Davis dealt with injuries that reduced his velocity from 93-96 to 90-92, which may have played a role is his declining strikeout rate. In spite of the red flags, the Reds promoted him to AAA to finish the year. International League hitters roughed him up pretty good in 24 innings, giving Davis a 7.50 ERA and a .352 AVG against. His FIP of 4.42 was the same as he had in 101 innings at AA.
Having started only four games in AAA, Davis seemed likely to return there in 2017 and try and recapture some of his lost velocity and bat miss ability. The velocity ticked back up in Spring Training, he pitched fairly well, and the Reds started him in the third game of the season.
Some pitchers have successfully made the leap from AA to the Majors, but those guys tend to have elite stuff, like Jose Fernandez, who actually went from high A to the Marlins. Those pitchers also dominate the minor leagues before they make the leap.
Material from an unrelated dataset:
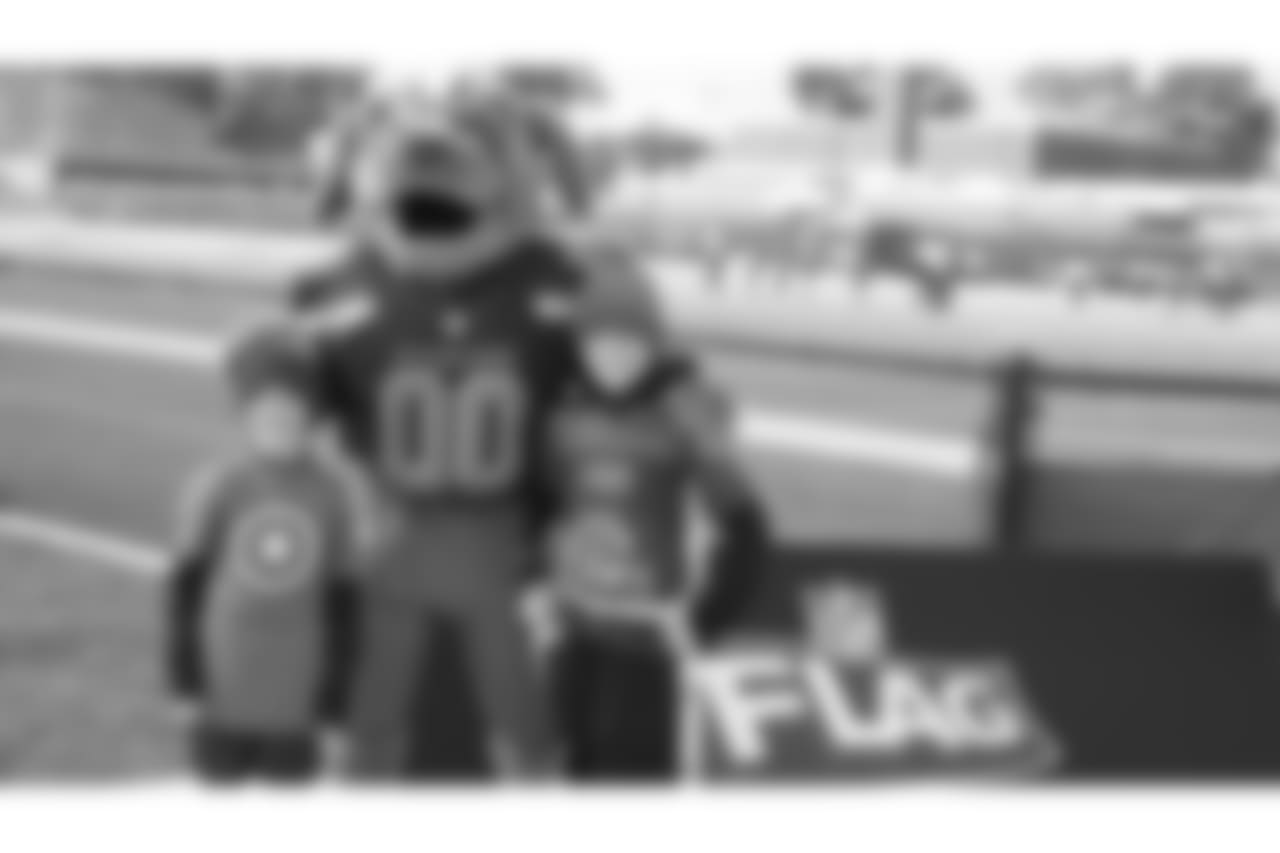 102318-NFLFlag-11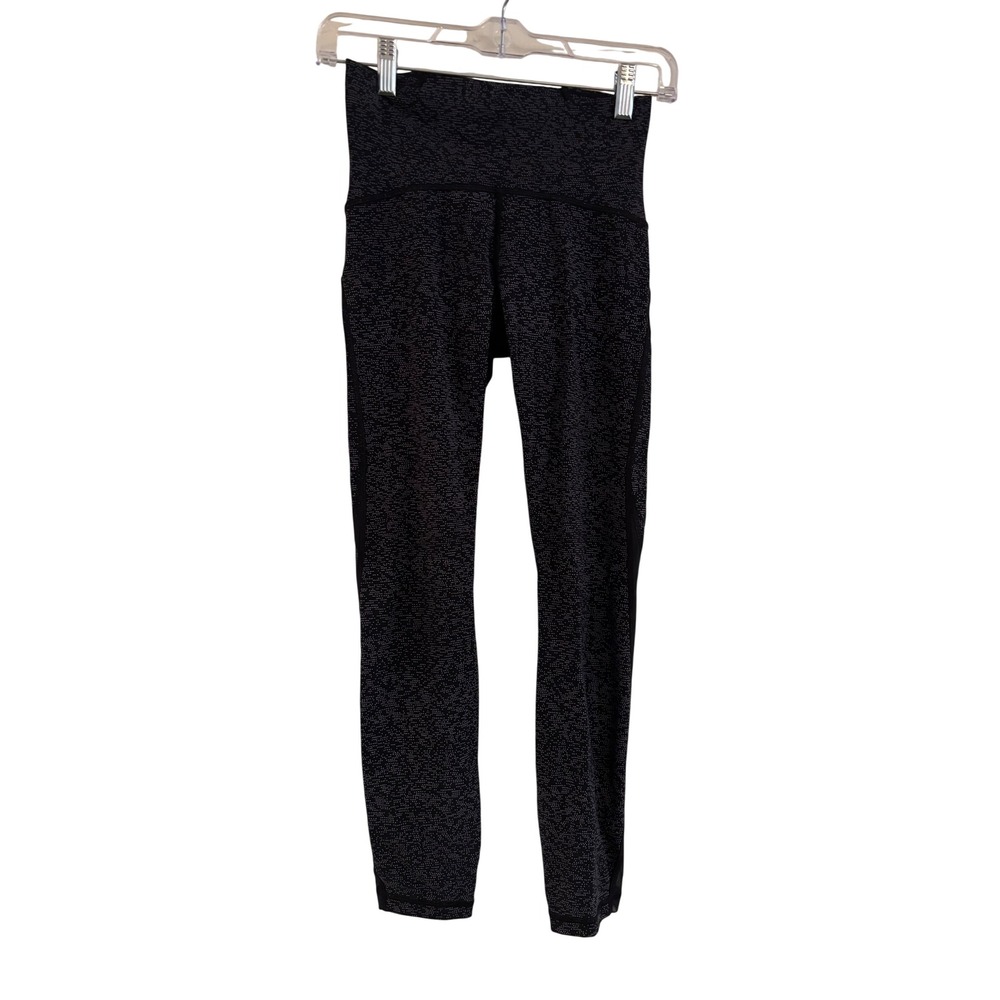 Lululemon Train Times 7/8 Pant (25" )
Soundwave White Black / Black Size 4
Johnny Cueto threw only four games in AAA, and he pitched poorly his first two years in Cincinnati. Still, he overpowered hitters in AA, posting a 30.6% strikeout rate and walking only 4.4% of batters. Davis’ 15% K% and 7.7 BB% don’t nearly compare to that. Hitters weren’t overmatched as they were with Cueto.
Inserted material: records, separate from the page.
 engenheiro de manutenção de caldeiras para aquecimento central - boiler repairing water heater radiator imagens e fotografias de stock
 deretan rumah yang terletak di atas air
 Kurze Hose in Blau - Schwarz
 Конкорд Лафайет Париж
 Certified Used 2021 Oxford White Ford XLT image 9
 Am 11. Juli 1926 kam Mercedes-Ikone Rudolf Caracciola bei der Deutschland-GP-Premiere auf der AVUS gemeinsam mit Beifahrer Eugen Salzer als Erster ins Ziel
I would prefer to see Davis impress in the high minors before throwing him on a Major League mound. If he can’t fool AA hitters, should we expect him to pitch quality innings against the best players in the world?
Early MLB Returns
While Davis has only made two starts, the data suggests he needs some more development time before he can effectively attack Major League hitters. First, it’s no secret that Davis has labored to put away hitters. In 2016, an average MLB pitcher got swings and misses on 10.1% of pitches. Thus far, hitters have swung and missed at only 6.2% of Davis’ pitches.
The new slider, a pitch Bryan Price hoped would be a “put away” pitch, has garnered one swing and miss out of the 17 times Davis has thrown it. Amir Garrett, another first-time MLB starter, has collected eights swing and misses on his 29 sliders. Instead of working on this new pitch at the Major League level, Davis may benefit from refining it against minor league hitters when the stakes aren’t so high.
Some talent evaluators think his curveball is his best pitch. In spite of the praise for the curve, Davis does not seem to view it as a possible out pitch because he hasn’t thrown it once this season. Maybe, he believe the slider can replace his curveball, but it seems strange that Davis would give up what some view as his best pitch.
Because of his inability to put away hitters, Davis has walked six batters in seven innings and thrown 162 pitches. His inefficiency has not been extreme wildness as much as hitters taking him deep into counts. Until he can establish a strikeout pitch, Davis will not consistently pitch deep into games.
Perhaps the seven innings of work don’t mean anything, and Davis would quickly improve if given the chance. Based on his track record, I doubt that’s the case. As Kiley McDaniel of Fangraphs (now of the Atlanta Braves I believe) said of Lorenzen before his MLB debut, Davis needs more refining in setting up hitters and putting them away.
Rookie Davis possesses good stuff that will be useful at some point soon. Because the Reds have other starting options who have less to prove in the minor leagues, they should consider sending Davis to AAA when he returns from the disabled list.
Let Davis develop an out pitch that sets him up to succeed in the big leagues. If the Reds don’t, he may have his own Ice Town experience, which would set his development back and keep more ready starters from pitching his innings.